An example of a fine-tuned LLM getting good results versus a human:
LLMs trained on the vast scientific literature could potentially integrate noisy yet interrelated findings to forecast novel results better than human experts. Here, to evaluate this possibility, we created BrainBench, a forward-looking benchmark for predicting neuroscience results. We find that LLMs surpass experts in predicting experimental outcomes. BrainGPT, an LLM we tuned on the neuroscience literature, performed better yet. Like human experts, when LLMs indicated high confidence in their predictions, their responses were more likely to be correct, which presages a future where LLMs assist humans in making discoveries. Our approach is not neuroscience specific and is transferable to other knowledge-intensive endeavours.
They used LoRA to finetune Mistral-7B-v0.1 on neuroscience literature.
Generative AI is increasingly able to perform entry-level work in white-collar jobs, which will impact workforces far into the future.
Across the white-collar economy, entry-level jobs are suddenly vulnerable to automation because they involve low-stakes assignments of the sort that generative AI is best at. AI could therefore sever the career ladder of industries like finance and law, forcing many would-be bankers and lawyers to look elsewhere for work.
Having used some of the more recent AI meeting tools as a meeting scribe, I can attest to the fact that they are increasingly able to perform routine tasks with a good degree of accuracy. Compared to the early days when we’d have a good laugh at the software’s attempts to summarise, it’s now a useful tool for taking notes and extracting action items.
Consider the legal field. Law is among the industries most exposed to generative AI’s capabilities because of its orientation toward language. Traditionally, the first few years of a newly accredited lawyer’s career is spent working under the tutelage of more senior lawyers and engaged in routine tasks—missives like “document review,” basic research, drafting client communications, taking notes, and preparing briefs and other legal documents. Advances in AI-powered legal software have the potential to create vast efficiencies in these tasks, enabling their completion in a fraction of the time—and a fraction of the billable hours—that it has historically taken junior lawyers and paralegals to complete them.

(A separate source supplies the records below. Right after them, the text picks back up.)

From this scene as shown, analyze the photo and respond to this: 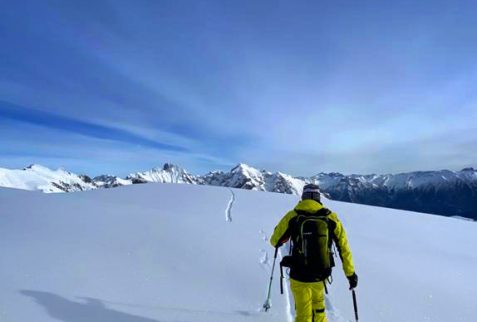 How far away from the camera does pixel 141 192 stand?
22.8 metres

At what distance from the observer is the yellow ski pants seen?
5953 millimetres

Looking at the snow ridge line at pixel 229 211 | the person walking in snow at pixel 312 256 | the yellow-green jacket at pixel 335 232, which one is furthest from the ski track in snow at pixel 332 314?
the snow ridge line at pixel 229 211

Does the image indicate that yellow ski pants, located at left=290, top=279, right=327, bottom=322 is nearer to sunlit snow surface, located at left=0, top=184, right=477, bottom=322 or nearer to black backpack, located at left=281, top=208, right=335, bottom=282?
black backpack, located at left=281, top=208, right=335, bottom=282

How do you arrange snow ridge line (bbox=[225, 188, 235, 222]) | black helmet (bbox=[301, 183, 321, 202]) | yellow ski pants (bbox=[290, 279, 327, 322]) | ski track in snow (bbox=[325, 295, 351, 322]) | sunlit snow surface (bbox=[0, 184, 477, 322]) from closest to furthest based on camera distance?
1. yellow ski pants (bbox=[290, 279, 327, 322])
2. black helmet (bbox=[301, 183, 321, 202])
3. sunlit snow surface (bbox=[0, 184, 477, 322])
4. ski track in snow (bbox=[325, 295, 351, 322])
5. snow ridge line (bbox=[225, 188, 235, 222])

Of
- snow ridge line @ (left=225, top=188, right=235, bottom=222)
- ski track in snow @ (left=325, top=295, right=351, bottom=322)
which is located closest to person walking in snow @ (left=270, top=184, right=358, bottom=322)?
ski track in snow @ (left=325, top=295, right=351, bottom=322)

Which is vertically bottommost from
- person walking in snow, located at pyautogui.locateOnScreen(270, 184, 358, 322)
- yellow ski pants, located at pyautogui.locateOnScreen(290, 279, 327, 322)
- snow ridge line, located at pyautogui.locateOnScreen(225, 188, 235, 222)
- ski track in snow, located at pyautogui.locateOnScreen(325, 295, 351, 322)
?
ski track in snow, located at pyautogui.locateOnScreen(325, 295, 351, 322)

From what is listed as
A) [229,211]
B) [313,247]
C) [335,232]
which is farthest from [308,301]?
[229,211]

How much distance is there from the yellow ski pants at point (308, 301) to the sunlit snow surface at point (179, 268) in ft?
3.52

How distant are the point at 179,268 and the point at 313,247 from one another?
4.42 metres

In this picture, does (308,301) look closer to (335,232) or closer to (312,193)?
(335,232)

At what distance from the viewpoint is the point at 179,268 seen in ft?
29.5

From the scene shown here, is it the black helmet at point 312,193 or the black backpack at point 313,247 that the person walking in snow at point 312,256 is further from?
the black helmet at point 312,193

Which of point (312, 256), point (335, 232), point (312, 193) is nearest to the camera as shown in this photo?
point (312, 256)

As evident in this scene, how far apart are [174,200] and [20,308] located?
13753 mm
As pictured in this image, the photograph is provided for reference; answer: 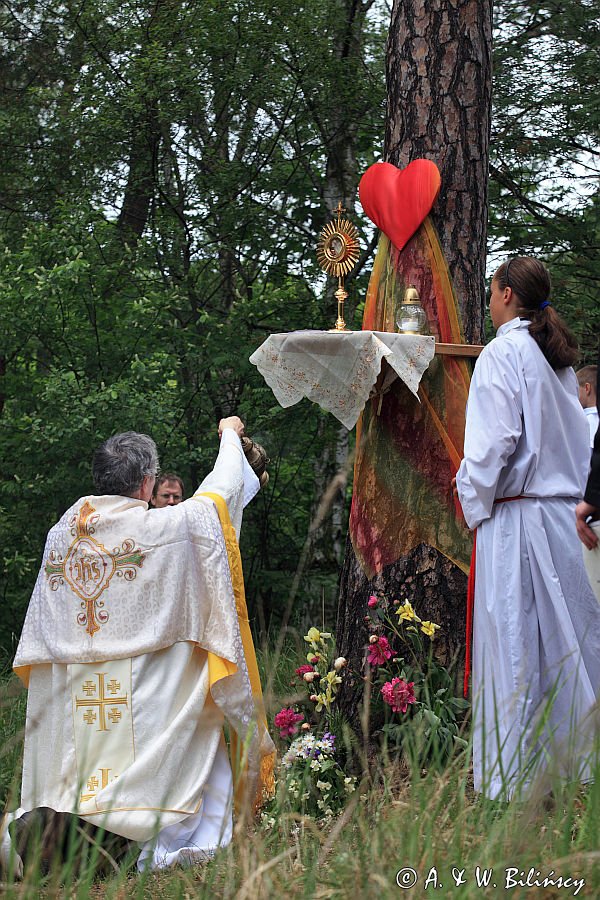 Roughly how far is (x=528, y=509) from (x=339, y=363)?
1.08 m

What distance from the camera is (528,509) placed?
380cm

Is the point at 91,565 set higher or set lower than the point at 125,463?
lower

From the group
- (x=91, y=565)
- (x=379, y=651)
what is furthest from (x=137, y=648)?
(x=379, y=651)

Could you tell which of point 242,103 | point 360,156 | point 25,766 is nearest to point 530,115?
point 360,156

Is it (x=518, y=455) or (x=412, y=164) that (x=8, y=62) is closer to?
(x=412, y=164)

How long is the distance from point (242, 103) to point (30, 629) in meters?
5.79

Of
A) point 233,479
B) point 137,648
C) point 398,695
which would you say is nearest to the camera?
point 398,695

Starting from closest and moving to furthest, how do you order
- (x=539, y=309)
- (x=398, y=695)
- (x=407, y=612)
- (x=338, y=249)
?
(x=539, y=309)
(x=398, y=695)
(x=407, y=612)
(x=338, y=249)

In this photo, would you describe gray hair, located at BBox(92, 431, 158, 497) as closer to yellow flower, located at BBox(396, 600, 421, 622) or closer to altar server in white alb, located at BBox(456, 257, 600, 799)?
yellow flower, located at BBox(396, 600, 421, 622)

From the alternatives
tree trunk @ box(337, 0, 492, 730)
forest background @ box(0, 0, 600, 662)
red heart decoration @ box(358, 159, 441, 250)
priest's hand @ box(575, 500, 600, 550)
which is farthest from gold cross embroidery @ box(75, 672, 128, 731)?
forest background @ box(0, 0, 600, 662)

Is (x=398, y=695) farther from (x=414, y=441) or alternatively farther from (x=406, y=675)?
(x=414, y=441)

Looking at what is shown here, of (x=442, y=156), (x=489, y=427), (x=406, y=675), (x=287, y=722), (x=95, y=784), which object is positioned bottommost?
(x=95, y=784)

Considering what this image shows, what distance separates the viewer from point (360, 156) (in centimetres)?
947

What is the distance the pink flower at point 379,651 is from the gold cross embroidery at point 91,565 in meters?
1.05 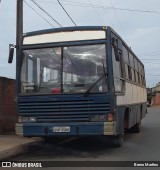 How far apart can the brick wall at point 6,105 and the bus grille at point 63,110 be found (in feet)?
17.0

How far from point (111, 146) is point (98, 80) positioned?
2.91 meters

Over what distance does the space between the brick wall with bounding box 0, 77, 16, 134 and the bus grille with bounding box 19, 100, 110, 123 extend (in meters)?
5.19

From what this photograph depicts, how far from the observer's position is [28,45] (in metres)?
12.8

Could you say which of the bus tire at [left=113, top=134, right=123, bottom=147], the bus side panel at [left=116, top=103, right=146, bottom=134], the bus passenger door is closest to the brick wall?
the bus side panel at [left=116, top=103, right=146, bottom=134]

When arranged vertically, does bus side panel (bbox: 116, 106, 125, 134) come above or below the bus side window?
below

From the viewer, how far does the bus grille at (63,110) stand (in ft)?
39.2

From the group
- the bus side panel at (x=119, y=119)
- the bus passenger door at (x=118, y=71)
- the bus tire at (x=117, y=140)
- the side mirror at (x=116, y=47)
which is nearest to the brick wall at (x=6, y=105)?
the bus tire at (x=117, y=140)

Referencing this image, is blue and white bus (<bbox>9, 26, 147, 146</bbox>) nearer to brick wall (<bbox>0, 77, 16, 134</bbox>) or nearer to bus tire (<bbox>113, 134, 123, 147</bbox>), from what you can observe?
bus tire (<bbox>113, 134, 123, 147</bbox>)

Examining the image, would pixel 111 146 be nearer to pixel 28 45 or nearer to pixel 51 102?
pixel 51 102

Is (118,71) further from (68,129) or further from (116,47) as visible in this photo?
(68,129)

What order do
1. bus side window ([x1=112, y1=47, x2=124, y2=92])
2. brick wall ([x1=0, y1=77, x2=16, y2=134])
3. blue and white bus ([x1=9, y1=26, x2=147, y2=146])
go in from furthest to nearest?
brick wall ([x1=0, y1=77, x2=16, y2=134]) < bus side window ([x1=112, y1=47, x2=124, y2=92]) < blue and white bus ([x1=9, y1=26, x2=147, y2=146])

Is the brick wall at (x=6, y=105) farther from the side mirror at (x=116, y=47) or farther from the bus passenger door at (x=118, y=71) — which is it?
the side mirror at (x=116, y=47)

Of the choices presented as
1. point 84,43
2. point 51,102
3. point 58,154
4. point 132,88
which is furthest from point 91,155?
point 132,88

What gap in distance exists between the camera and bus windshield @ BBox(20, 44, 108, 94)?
39.7ft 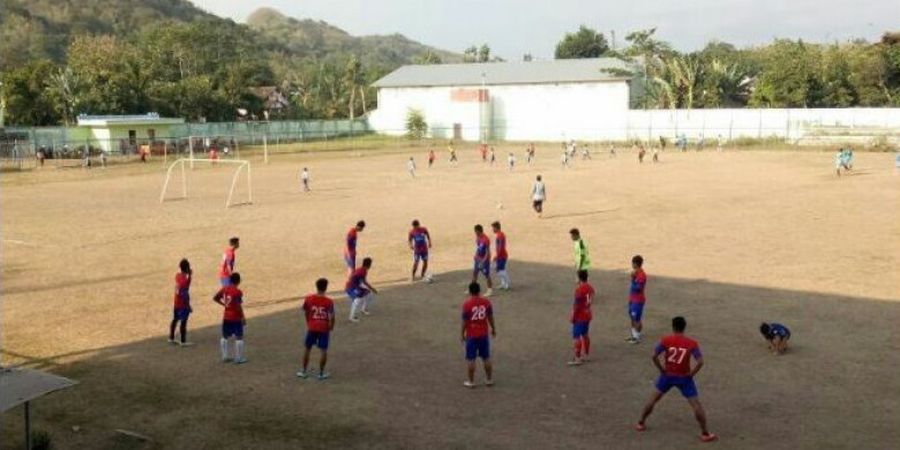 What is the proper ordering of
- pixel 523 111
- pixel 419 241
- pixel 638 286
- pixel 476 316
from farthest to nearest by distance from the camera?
pixel 523 111 → pixel 419 241 → pixel 638 286 → pixel 476 316

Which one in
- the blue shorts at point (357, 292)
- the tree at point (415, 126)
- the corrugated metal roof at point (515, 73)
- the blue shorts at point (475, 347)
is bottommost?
the blue shorts at point (475, 347)

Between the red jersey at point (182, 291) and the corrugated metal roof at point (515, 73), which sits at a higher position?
the corrugated metal roof at point (515, 73)

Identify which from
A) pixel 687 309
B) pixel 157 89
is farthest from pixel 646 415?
pixel 157 89

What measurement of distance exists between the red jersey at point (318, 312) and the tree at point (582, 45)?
393 ft

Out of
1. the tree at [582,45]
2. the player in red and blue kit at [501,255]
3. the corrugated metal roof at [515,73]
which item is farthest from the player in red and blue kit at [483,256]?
the tree at [582,45]

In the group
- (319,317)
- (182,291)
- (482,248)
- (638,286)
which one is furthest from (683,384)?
(182,291)

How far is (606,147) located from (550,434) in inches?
2675

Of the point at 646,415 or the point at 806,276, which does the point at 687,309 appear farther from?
the point at 646,415

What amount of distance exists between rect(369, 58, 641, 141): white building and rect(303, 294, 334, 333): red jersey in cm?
7314

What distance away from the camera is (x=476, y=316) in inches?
468

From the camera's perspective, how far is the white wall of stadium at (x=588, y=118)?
228ft

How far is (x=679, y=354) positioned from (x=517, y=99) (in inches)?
3202

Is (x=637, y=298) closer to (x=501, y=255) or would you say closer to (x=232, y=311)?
(x=501, y=255)

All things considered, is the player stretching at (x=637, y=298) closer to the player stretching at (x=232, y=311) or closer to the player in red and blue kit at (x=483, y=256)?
the player in red and blue kit at (x=483, y=256)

If we don’t need to train up junior lawyers, how do we grow the legal workforce? Or do we need to rethink the role of a lawyer?
Stripe APIs are adding payments and metering capabilities to LLM agentic workflows:
In the case you want to have an agent perform purchases:
Agentic workflows need not have exclusively virtual outcomes. Imagine a travel agent that can book flights for your company. Using LLMs and function calling we can assemble a set of agents that can search for flights online, return options, and ultimately identify a booking URL. With Stripe, you can embed financial services and enable the automation of the purchase flow as well. Using Stripe Issuing, you can generate single-use virtual cards that agents can use for business purchases. This enables your agents to spend funds. The Issuing APIs allow you to approve or decline authorizations programmatically, ensuring your purchase intent matches the authorization. Spending controls allow you to set budgets and limit spending for your agents
Additionally, it can be used for metering and billing:
Conducting agentic workflows have material cost – typically measured by token use or time. With usage-based billing, you can charge based on a customer’s usage of your product. The toolkit provides middleware to easily track prompt and completion token counts and send billing events for that customer.
The Issuing API sounds particularly useful in stopping an LLM Agent buying travel tickets to Yellowstone National Park, or worse. From the Claude announcment on computer use:
In one, Claude accidentally clicked to stop a long-running screen recording, causing all footage to be lost. In another, Claude suddenly took a break from our coding demo and began to peruse photos of Yellowstone National Park.